▸ **ABOUT THIS EXERCISE**
A faithful transcript of every entry is required; pictures do not belong in it.
Top of DATA TO EXAMINE
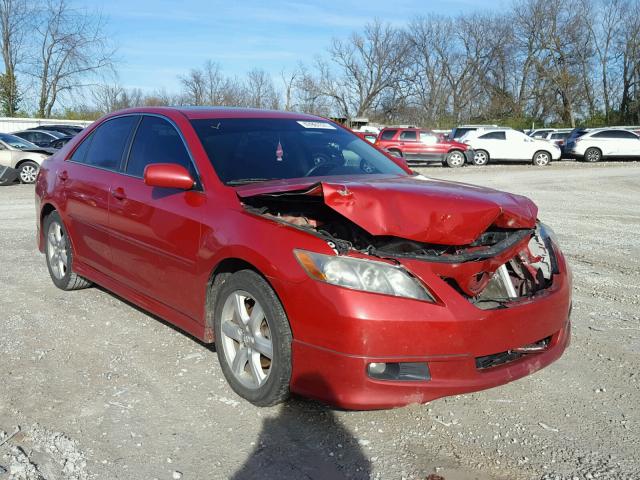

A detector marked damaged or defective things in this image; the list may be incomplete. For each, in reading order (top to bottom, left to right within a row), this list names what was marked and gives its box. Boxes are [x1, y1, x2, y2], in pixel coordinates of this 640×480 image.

crumpled hood [238, 174, 536, 246]
damaged red car [35, 108, 568, 408]
broken headlight [296, 249, 436, 302]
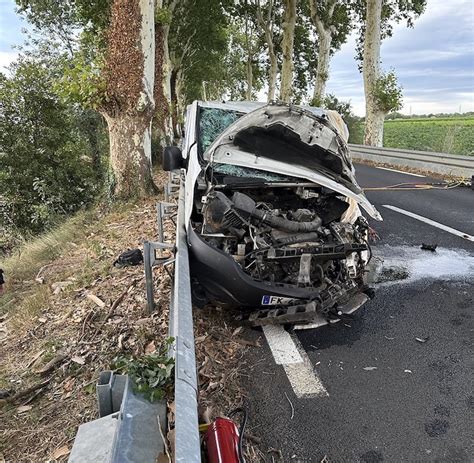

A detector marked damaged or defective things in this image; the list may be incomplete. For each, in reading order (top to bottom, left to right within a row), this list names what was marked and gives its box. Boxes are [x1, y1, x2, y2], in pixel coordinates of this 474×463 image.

broken windscreen glass [199, 108, 243, 153]
shattered windshield [199, 108, 243, 153]
wrecked white car [163, 102, 382, 326]
crumpled car hood [204, 105, 382, 221]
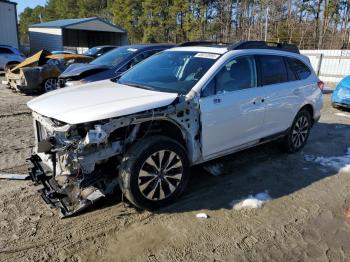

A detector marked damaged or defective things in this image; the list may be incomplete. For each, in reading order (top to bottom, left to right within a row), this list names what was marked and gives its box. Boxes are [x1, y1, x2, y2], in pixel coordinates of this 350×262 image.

another damaged vehicle [5, 50, 93, 93]
crumpled hood [59, 62, 110, 78]
crumpled hood [28, 79, 178, 124]
another damaged vehicle [26, 41, 322, 217]
front-end collision damage [28, 96, 201, 217]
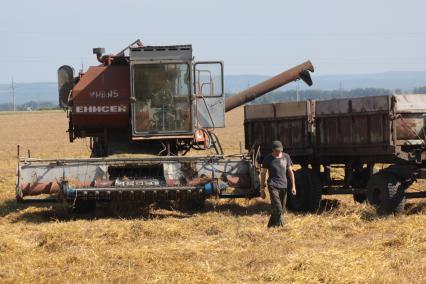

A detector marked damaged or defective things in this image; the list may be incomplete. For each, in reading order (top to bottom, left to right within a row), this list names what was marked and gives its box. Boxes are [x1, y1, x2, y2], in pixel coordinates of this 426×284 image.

rusty metal panel [245, 103, 274, 119]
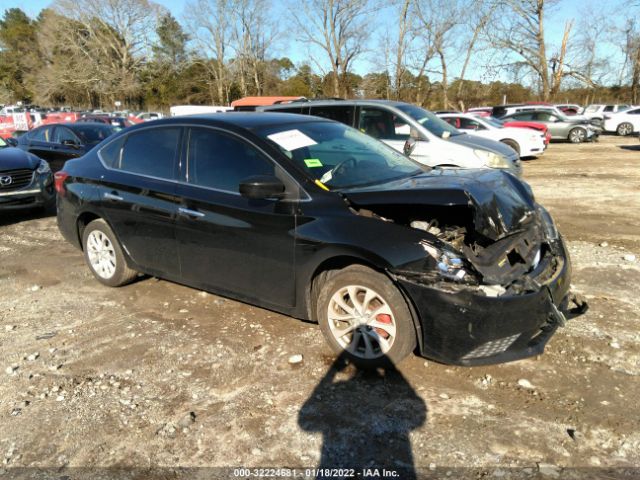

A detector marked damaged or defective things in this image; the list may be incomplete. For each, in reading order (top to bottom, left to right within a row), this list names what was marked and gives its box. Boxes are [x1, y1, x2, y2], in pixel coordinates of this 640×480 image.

crumpled hood [0, 147, 40, 172]
crumpled hood [448, 133, 516, 161]
damaged black car [56, 113, 584, 368]
crumpled hood [342, 171, 536, 242]
broken headlight [536, 205, 556, 242]
damaged front bumper [396, 238, 576, 366]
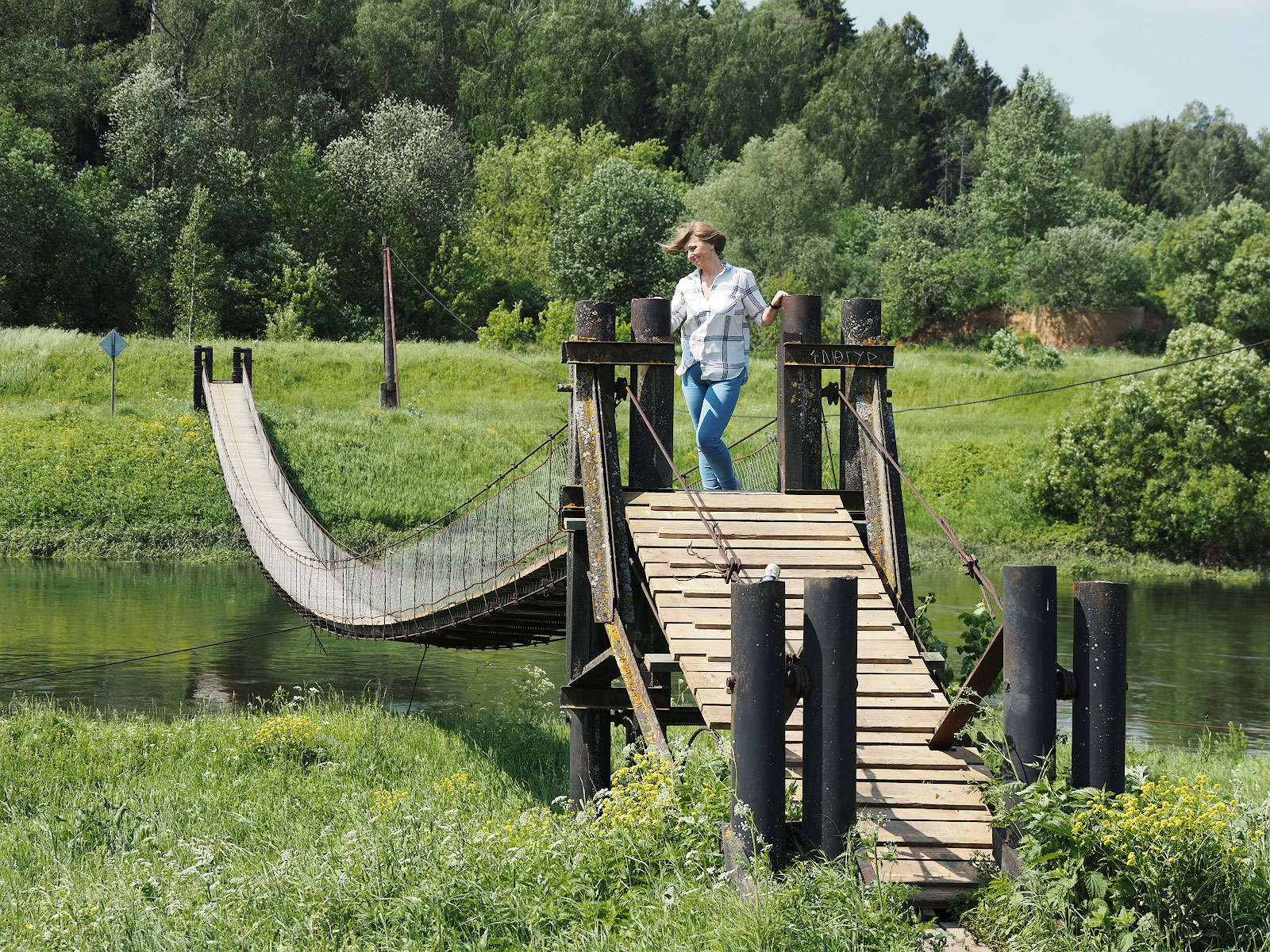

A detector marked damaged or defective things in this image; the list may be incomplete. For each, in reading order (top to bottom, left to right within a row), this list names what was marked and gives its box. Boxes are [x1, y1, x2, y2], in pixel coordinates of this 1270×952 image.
Bottom of DATA TO EXAMINE
▸ **WORKED SOLUTION**
A detector marked damaged or defective things in this image; the list may be incomplete. For each, in reading order (top to bottom, left to right within a row), this list names what was marked and gives its box. Boxes are [x1, y1, x2, y2], in pixel coordinates of this 640×480 image.

crumpled hood [238, 174, 536, 246]
damaged red car [35, 108, 568, 408]
broken headlight [296, 249, 436, 302]

A detector marked damaged or defective things in this image; the list may be incomplete. For each, in reading order (top to bottom, left to right within a row), this list names what was marked and gives its box. Boxes are [x1, y1, x2, y2], in pixel coordinates of this 474×463 image.

broken windscreen glass [199, 108, 243, 153]
shattered windshield [199, 108, 243, 153]
wrecked white car [163, 102, 382, 326]
crumpled car hood [204, 105, 382, 221]

A detector marked damaged or defective things in this image; the list may be incomplete. For each, in reading order (top to bottom, left to right within a row), this list names what was marked and gives its box. Boxes are [x1, y1, x2, y2], in pixel coordinates of this 350×262 image.

another damaged vehicle [5, 50, 93, 93]
crumpled hood [59, 62, 110, 78]
crumpled hood [28, 79, 178, 124]
another damaged vehicle [26, 41, 322, 217]
front-end collision damage [28, 96, 201, 217]

A detector marked damaged or defective things in this image; the list may be incomplete. For each, in reading order (top to bottom, left to right within a row), this list names what was marked and gives its box. Boxes are [x1, y1, x2, y2], in pixel coordinates of this 426×284 image.

rusty metal panel [245, 103, 274, 119]

A detector marked damaged or defective things in this image; the list may be incomplete. For each, in reading order (top to bottom, left to right within a row), this list names what was marked and gives its box. Boxes are [x1, y1, x2, y2], in pixel coordinates of this 640×480 image.

crumpled hood [0, 147, 40, 172]
crumpled hood [448, 133, 516, 161]
damaged black car [56, 113, 584, 368]
crumpled hood [342, 171, 536, 242]
broken headlight [536, 205, 556, 242]
damaged front bumper [396, 238, 576, 366]

A detector marked damaged or defective things in this image; the list may be incomplete. For each, in reading order (top to bottom, left to right within a row), this list names what was marked and gives its box. Boxes are [x1, y1, x2, y2], in pixel coordinates of this 1270×952 image.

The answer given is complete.